Florete

Control & Mgmt Planes

Design of control and management planes for C0

Context

C0 has no automatic control and management planes. Cluster state is declared manually in a git repo and distributed to every node through a lightweight operator workflow: declare → validate → compile → commit (audit) → publish → nodes sync. The two planes will split conceptually in B1+ when a coordination server lands and push replaces poll. Both C0 and C1 share this manual foundation; C0 is the reference design, and C1 layers the mesh-specific additions on top.

The design must balance three forces:

  • Simple to build — small team, MVP ASAP.
  • Prod-ready for small pilots — 3-5 server nodes, 10-20 users, a handful of services, running a few weeks.
  • Manually manageable by a single operator during pilots.

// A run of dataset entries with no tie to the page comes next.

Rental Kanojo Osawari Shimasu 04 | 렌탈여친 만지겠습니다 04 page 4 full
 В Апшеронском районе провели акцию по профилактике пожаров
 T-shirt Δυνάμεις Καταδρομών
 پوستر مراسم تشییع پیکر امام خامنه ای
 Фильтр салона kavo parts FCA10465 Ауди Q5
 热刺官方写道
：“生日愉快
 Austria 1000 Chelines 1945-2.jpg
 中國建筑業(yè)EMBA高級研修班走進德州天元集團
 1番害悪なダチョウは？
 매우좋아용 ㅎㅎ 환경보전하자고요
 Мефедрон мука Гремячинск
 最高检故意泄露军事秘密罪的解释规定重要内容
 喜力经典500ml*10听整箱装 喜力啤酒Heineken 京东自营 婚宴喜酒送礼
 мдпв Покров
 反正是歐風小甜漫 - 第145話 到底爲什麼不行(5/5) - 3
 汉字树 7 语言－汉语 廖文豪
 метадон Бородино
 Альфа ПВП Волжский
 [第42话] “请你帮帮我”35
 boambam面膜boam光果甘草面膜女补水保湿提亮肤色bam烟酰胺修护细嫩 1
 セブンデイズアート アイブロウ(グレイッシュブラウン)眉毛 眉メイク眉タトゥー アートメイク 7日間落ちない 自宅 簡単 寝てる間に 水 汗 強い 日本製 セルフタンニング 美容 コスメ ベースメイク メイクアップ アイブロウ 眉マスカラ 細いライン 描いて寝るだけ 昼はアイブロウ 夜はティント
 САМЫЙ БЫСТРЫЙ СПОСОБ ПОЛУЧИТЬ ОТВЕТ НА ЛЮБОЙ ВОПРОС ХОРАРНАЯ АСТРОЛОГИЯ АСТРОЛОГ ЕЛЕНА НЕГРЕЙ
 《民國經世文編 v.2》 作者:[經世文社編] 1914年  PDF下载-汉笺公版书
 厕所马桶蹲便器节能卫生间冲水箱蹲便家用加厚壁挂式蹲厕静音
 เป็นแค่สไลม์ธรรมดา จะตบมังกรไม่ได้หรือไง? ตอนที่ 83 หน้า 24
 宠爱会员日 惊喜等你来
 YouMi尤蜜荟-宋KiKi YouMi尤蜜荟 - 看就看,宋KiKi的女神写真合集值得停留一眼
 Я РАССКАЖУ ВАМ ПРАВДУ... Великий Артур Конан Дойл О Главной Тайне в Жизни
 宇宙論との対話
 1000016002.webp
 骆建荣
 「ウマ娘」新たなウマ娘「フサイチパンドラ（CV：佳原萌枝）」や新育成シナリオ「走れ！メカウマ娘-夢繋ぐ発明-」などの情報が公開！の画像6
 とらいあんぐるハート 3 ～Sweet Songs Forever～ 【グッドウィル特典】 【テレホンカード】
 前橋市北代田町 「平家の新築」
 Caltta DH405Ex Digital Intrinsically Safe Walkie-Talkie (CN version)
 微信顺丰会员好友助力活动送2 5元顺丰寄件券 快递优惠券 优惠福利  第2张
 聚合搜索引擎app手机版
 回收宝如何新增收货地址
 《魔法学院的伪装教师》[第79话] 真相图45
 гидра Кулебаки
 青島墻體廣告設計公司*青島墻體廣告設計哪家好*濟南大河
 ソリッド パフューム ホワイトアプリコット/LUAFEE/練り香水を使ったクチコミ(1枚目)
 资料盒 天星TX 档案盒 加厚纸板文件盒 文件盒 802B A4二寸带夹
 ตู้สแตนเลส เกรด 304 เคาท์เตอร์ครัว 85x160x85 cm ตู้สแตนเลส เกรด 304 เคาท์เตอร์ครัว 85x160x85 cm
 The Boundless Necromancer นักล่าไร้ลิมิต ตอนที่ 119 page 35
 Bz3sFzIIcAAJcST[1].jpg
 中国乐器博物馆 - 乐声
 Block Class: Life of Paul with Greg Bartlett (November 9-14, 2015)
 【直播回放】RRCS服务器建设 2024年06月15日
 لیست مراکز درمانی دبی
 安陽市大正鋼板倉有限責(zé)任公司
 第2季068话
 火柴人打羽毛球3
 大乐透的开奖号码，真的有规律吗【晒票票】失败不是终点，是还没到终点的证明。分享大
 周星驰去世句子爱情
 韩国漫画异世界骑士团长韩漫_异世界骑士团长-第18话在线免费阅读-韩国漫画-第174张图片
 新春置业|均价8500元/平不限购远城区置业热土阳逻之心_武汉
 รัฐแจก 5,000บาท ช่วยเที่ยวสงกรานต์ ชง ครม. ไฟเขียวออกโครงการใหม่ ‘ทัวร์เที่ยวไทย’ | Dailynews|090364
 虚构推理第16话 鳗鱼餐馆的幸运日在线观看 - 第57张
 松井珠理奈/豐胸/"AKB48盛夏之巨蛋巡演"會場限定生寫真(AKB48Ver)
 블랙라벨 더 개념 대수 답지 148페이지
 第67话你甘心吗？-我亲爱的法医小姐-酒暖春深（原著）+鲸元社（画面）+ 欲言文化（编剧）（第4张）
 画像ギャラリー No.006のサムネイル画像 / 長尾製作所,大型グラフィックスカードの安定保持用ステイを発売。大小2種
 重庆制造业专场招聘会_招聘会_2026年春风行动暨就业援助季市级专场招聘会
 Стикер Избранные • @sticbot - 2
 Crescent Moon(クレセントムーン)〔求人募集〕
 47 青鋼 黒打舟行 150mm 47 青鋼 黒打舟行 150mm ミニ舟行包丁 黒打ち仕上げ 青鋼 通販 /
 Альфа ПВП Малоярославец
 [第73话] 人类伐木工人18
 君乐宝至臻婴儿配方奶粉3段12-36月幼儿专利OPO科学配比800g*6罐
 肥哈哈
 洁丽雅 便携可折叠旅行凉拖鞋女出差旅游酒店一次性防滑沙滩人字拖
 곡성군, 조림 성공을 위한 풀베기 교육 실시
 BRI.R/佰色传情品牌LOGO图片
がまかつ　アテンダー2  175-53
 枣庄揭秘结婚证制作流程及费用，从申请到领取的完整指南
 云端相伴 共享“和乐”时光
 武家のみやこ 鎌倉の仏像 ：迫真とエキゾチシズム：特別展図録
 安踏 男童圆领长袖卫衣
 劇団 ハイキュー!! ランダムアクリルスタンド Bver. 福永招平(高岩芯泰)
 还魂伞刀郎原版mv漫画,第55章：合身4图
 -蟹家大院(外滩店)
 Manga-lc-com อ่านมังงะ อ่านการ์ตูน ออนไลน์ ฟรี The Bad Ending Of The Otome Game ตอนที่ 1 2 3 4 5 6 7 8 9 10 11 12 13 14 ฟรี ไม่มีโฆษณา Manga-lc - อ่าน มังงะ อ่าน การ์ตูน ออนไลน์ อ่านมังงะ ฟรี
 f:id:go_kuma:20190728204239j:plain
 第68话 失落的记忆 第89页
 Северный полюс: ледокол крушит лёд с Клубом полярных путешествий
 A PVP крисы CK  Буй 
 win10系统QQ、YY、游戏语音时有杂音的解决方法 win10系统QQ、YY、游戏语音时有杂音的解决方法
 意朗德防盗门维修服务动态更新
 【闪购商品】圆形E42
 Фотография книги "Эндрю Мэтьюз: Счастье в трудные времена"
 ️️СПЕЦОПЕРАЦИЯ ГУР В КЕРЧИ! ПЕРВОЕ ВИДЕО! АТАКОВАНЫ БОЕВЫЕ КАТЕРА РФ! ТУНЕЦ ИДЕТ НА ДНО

This spec is also the boundary that the rest of C0 (agent internals, identity, forwarding) must meet, and it should evolve naturally into C1 Manual Mesh (cluster-flor layer added on top via FlorIO, same CA and enrollment reused unchanged), then into B1 Cloud Control (coordination server replaces the file-based source of truth), and beyond into a fully distributed control plane.

Design Highlights

  • Source of truth is a git repo of YAML files, hand-edited. No embedded DB. No CLI mutators that round-trip through YAML. Git diffs are the audit log; YAML comments explain intent.
  • The CLI does a handful of things: CA operations, identity / bundle issuance, validation, per-node compilation, safe apply. It never mutates source YAML. Smallest surface that still gives us safety.
  • SPIFFE identities from day one. Cluster has a root CA; principals get CSRs signed into X.509 certs whose SAN holds a SPIFFE URI (spiffe://<cluster>/<kind>/<name>). Peers verify by CA signature, not pinned cert. Only ca.crt lives in the repo — individual certs are delivered to their holders and stored locally. Real SPIFFE X.509-SVIDs, no extra cost.
  • Principals are uniform. Users, services, and nodes are principals with cluster-scoped identities. Roles attach to any principal. Users and services hold workload identities (end-to-end mTLS); nodes hold a separate control-plane identity used to reach the cluster's own infrastructure services (config-server, metrics). (C1 adds cluster vertices as a further, distinct principal kind — a mesh-transit identity that stays separate from the node identity.)
  • Access is fully derived in C0. With no multi-hop routing, who-reaches-what is determined by users.yaml + services.yaml + roles.yaml + groups.yaml + service location. No paths.yaml, no label allocation — the compiler walks the ACL matrix directly.
  • Restart-with-rollback, not SIGHUP (for C0). flor sync fetches the pre-compiled artifact from the config-server and restarts the agent; --commit-timeout auto-rolls-back if the operator doesn't confirm within the window. Full hot-reload is hard; but the agent should be built with swappable ACL tables from day one so that a near-term post-C0 ACL-only hot-reload (see Hot reload) can swap permission tables in place — that covers ~80% of day-to-day changes (add/remove user, change role membership) without dropping connections. Structural changes (new service, port change, identity rotation) still need a restart.
  • RBAC, not per-principal ACLs. Permissions attach to roles; principals get roles. Keeps the access control matrix smaller.
  • Atomic full-artifact state delivery, with a monotonic version stamp. Deltas are a later optimization; the version number is a zero-cost forward-compat anchor for them.
  • Operator-issued bundles, not user-initiated PRs. Users never need git write access or forge accounts. The operator is the only writer of cluster state.
  • Stable boundary = the compiled per-node artifact. C0 produces it from YAML; C1 adds a second artifact for the cluster-flor layer with the same envelope; B1 fetches it from a coordination server; distributed control plane later emits it by consensus. The agent consumes the same shape throughout.

Details

Specific design topics are placed in separate pages:

Evolution

The compiled per-node artifact is the stable public contract. What changes across milestones is who produces it and how it's distributed — never the shape the agent consumes.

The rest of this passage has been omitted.